I am experimenting with the Curation System. I have written a task to
crawl a collection/community and identify specific items that are exception
cases (restricted items, multiple bitstreams, non-standard bitstream type).
https://gist.github.com/terrywbrady/24f6ddf24d9026149aff
The process is working well for me, but I encounter memory/heap/garbage
collection exceptions when I attempt to process my largest collection.
That collection contains 150,000 items.
I have discovered that I need to crank up the memory and turn on
incremental garbage collection in order to get the process to complete.

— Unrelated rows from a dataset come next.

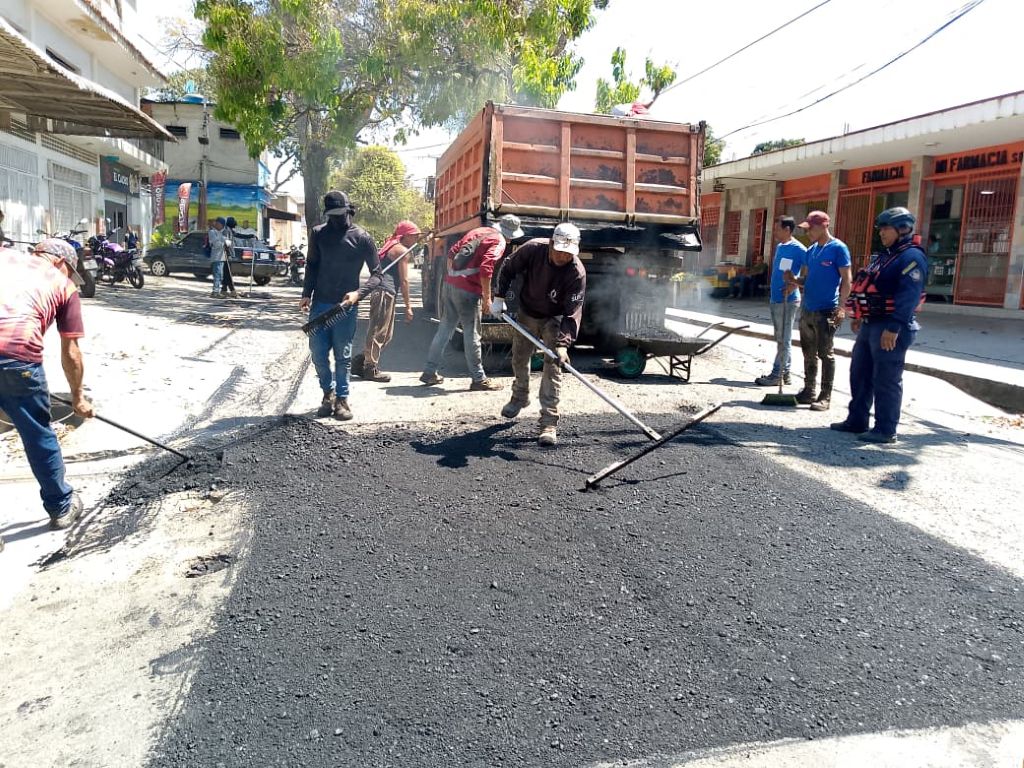 Alcaldía de Bejuma continuó con bacheo - Agencia Carabobeña de Noticias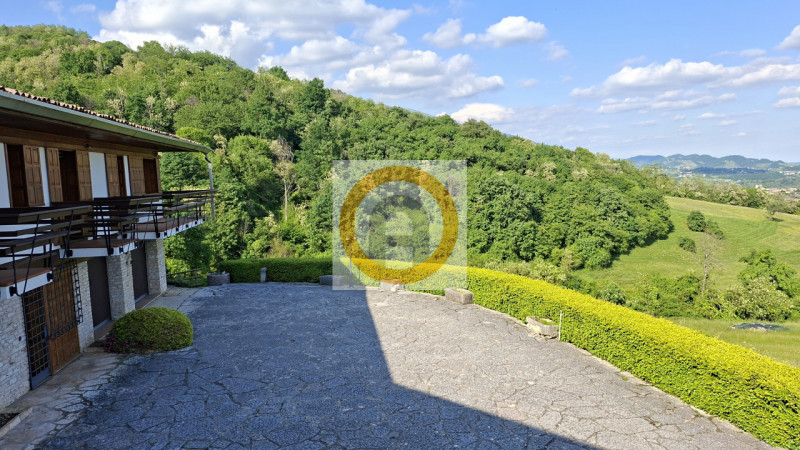 A pochi minuti da Possano e dal Centro di Asolo, proponiamo in vendita una villa esclusiva di cir...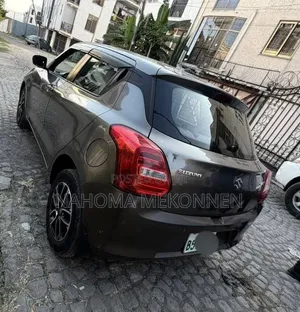 Suzuki Swift 2022 Gray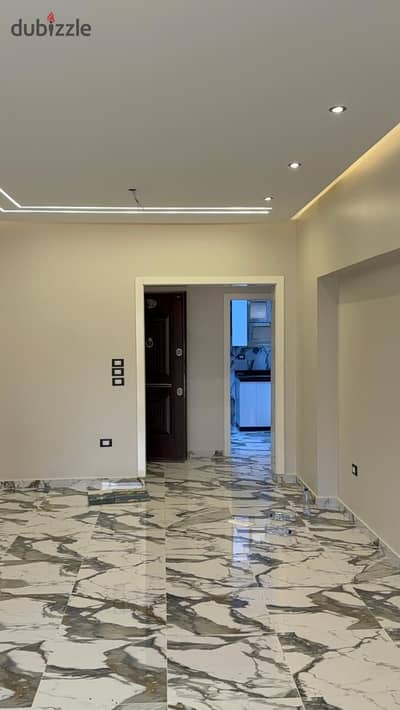 شقة للإيجار بالمطبخ داخل كمبوند Town Residence – التجمع الخامس الموقع: قضاة مجلس الدولة – نهاية شارع التسعين الجنوبي شقة للإيجار بالمطبخ داخل كمبوند Town Residence – التجمع الخامس الموقع: قضاة مجلس الدولة – نهاية شارع التسعين الجنوبي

export JAVA_OPTS="-Xmx3000m -Xincgc"
Since I am simply processing items in a read-only fashion, I am surprised
that I have needed these settings in order to process my collection. Can
you recommend a more efficient way to traverse the collection and the items?
CONTEXT INITIALIZATION
I attempted to set the READ_ONLY option to prevent result caching.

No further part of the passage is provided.